Aim of the exercise – Pictures appear among the records below and must be omitted. Repeat exactly the lines from the line with "Men's Full Sleeves" to the line with "2019 New Arrival", both included.

Dataset content –
^^^^^^^^
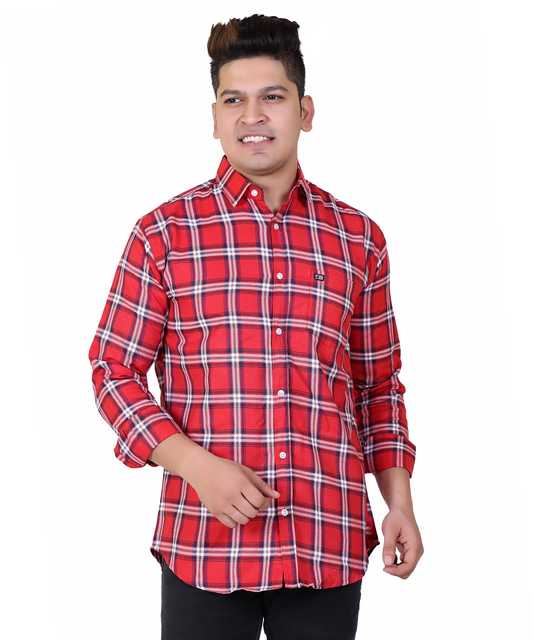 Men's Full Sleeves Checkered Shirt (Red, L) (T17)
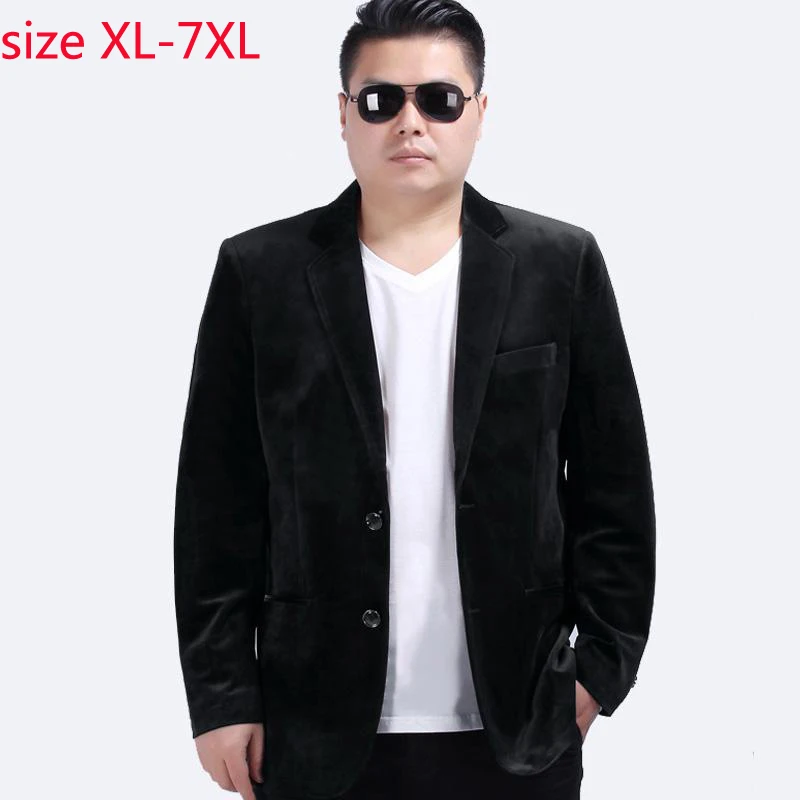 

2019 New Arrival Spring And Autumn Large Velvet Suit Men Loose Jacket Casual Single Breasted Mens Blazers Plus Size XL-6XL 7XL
^^^^^^^^
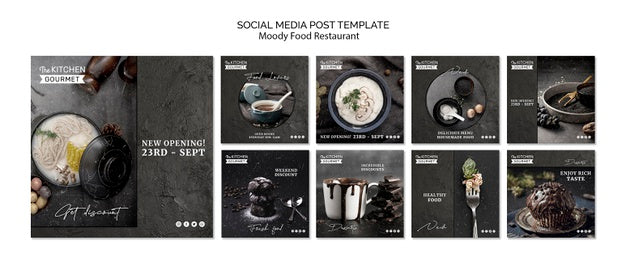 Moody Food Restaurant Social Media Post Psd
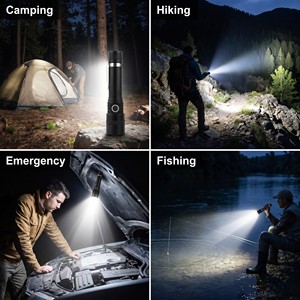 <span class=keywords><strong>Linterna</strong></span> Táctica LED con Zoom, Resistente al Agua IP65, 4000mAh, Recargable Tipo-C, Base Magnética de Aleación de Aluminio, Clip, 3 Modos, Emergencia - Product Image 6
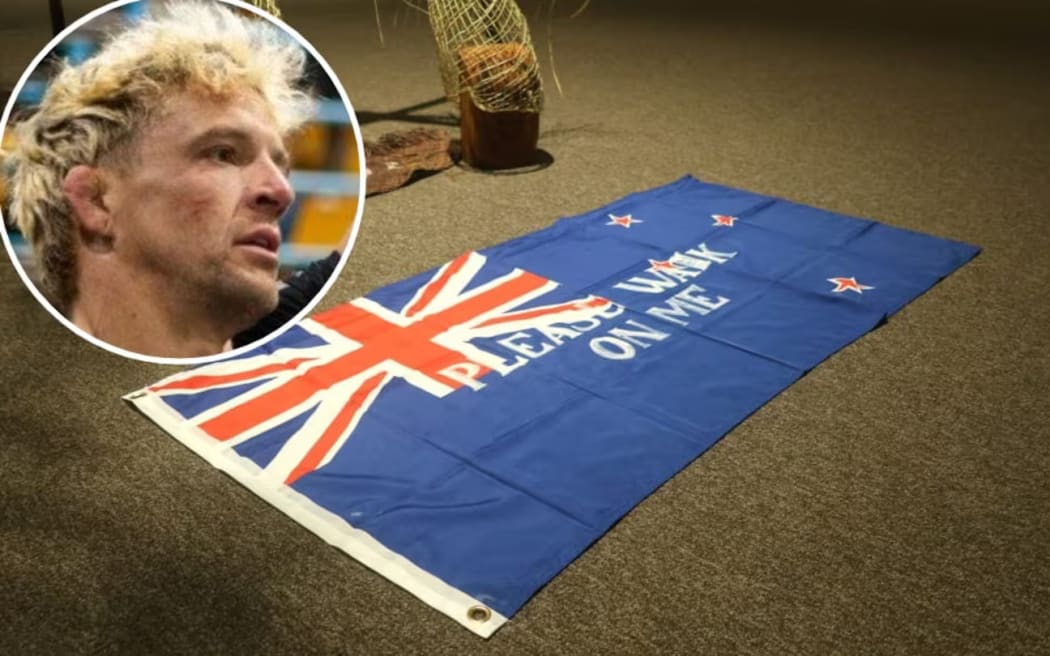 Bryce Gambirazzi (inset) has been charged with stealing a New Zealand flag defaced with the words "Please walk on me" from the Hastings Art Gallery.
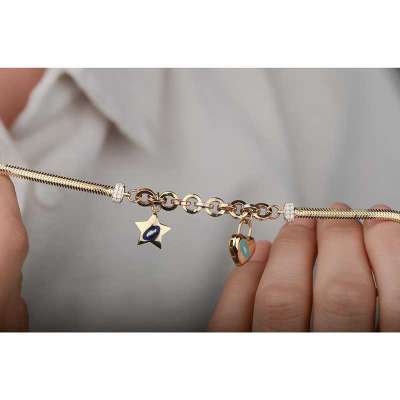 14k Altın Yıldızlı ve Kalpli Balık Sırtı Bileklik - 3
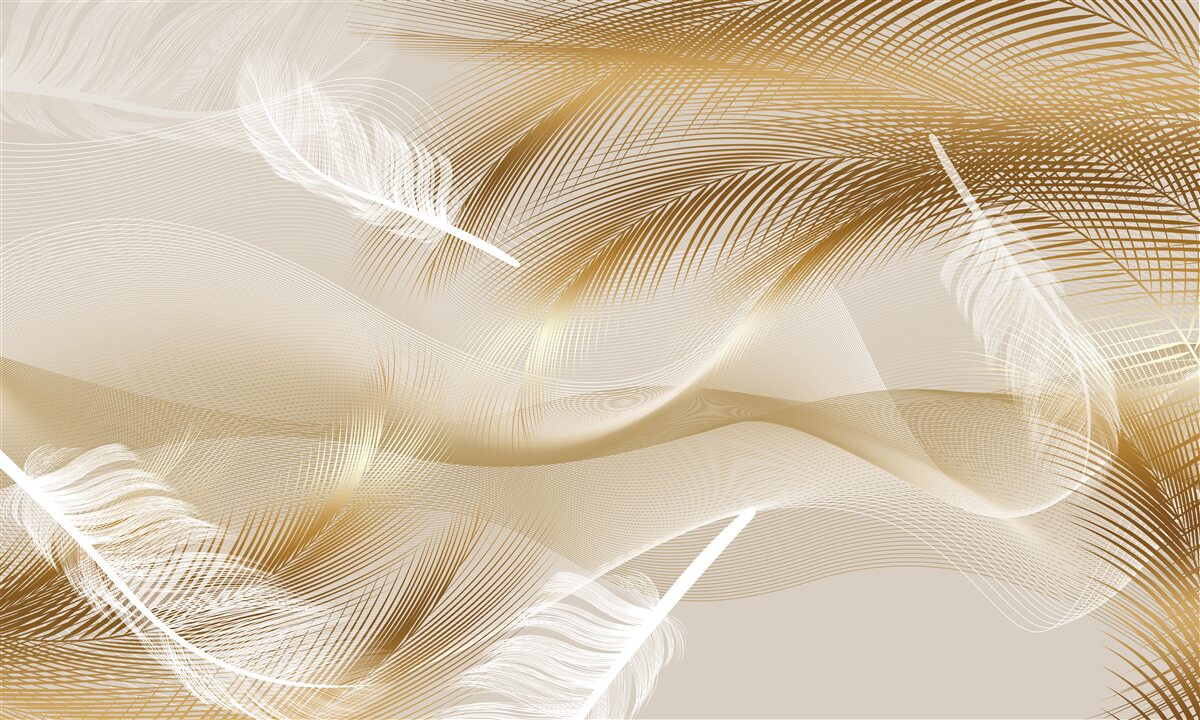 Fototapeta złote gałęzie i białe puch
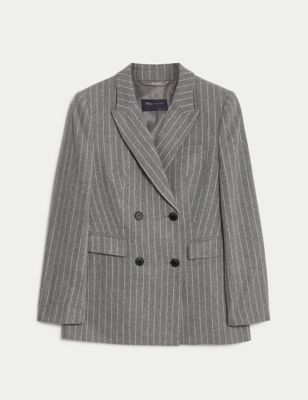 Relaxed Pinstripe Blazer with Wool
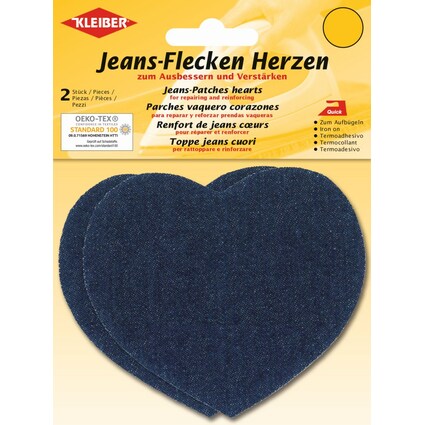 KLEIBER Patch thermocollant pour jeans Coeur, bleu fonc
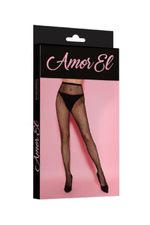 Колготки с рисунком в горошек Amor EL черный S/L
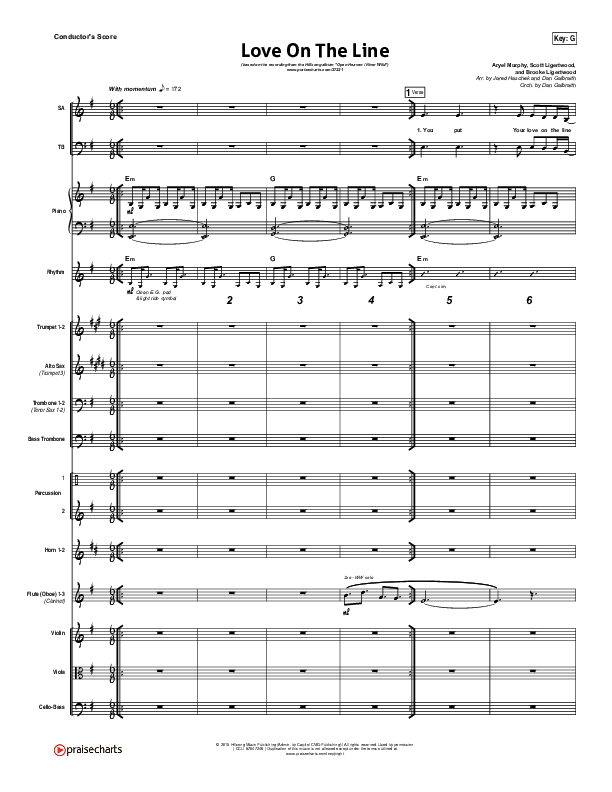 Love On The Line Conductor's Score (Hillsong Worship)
^^^^^^^^
Written solution –
 Men's Full Sleeves Checkered Shirt (Red, L) (T17)

2019 New Arrival Spring And Autumn Large Velvet Suit Men Loose Jacket Casual Single Breasted Mens Blazers Plus Size XL-6XL 7XL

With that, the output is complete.